Wie man sich wohl spätestens jetzt vorstellen kann, ticken die Uhren hier noch etwas anders und so betrat
man am Eingang "Sektor Grün" das Stadion und fand sich damit auf der kleinen Gegengerade (ein paar bestuhlte Sitzreihen)
wieder. Das war zwar nicht der eigentliche Gästebereich, da der aber in Käfigmanier hinter dem Tor angedacht
war und preislich nur einen Euro Unterschied zur Gerade hatte, entschieden sich die 26 Braunschweiger halt für die bessere Sicht und den Komfort.

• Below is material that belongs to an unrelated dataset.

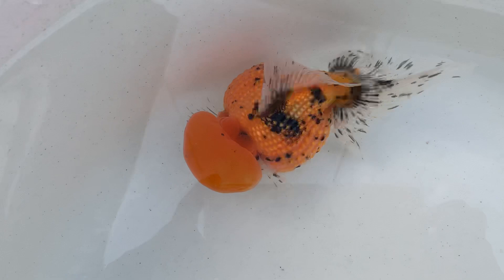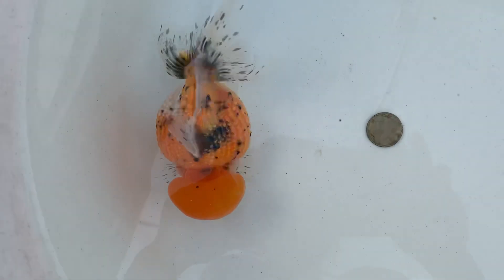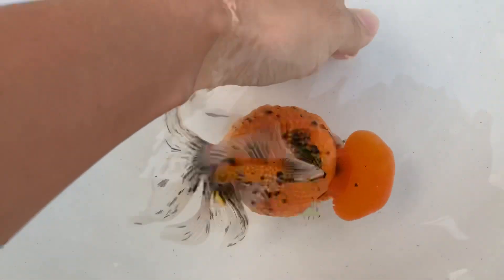This is the first time I will show you how to keep the table open. There is a table open.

Letztlich wäre das aber auch so völlig egal gewesen, eine räumliche Trennung zwischen jeglichen Steh- und Sitzbereichen
fehlte ohnehin und somit konnte jeder überall hingehen, wie es gerade passte. Unser Weg führte dabei obligatorisch
zunächst zur Getränkebude, die im Verlauf des Abends noch mehrfach um Altenburger Lagerbiere zu je zwei Euro in netten und
pfandfreien ZFC-Bechern erleichtert wurde. Passender Weise saßen an der Bude auch schon die Elche und auf der Tribüne dann noch
die Familysten - ein Stell-Dich-Ein der guten Laune bei schönstem Wetter, das macht doch Spaß. Spaß machte es auch,
Nick bei der Bestellung seiner Cola zuzuschauen, da die Verkäuferin doch der festen Überzeugung war, dass es "Cola hier nicht geben würde - dafür Fassbrause." :-)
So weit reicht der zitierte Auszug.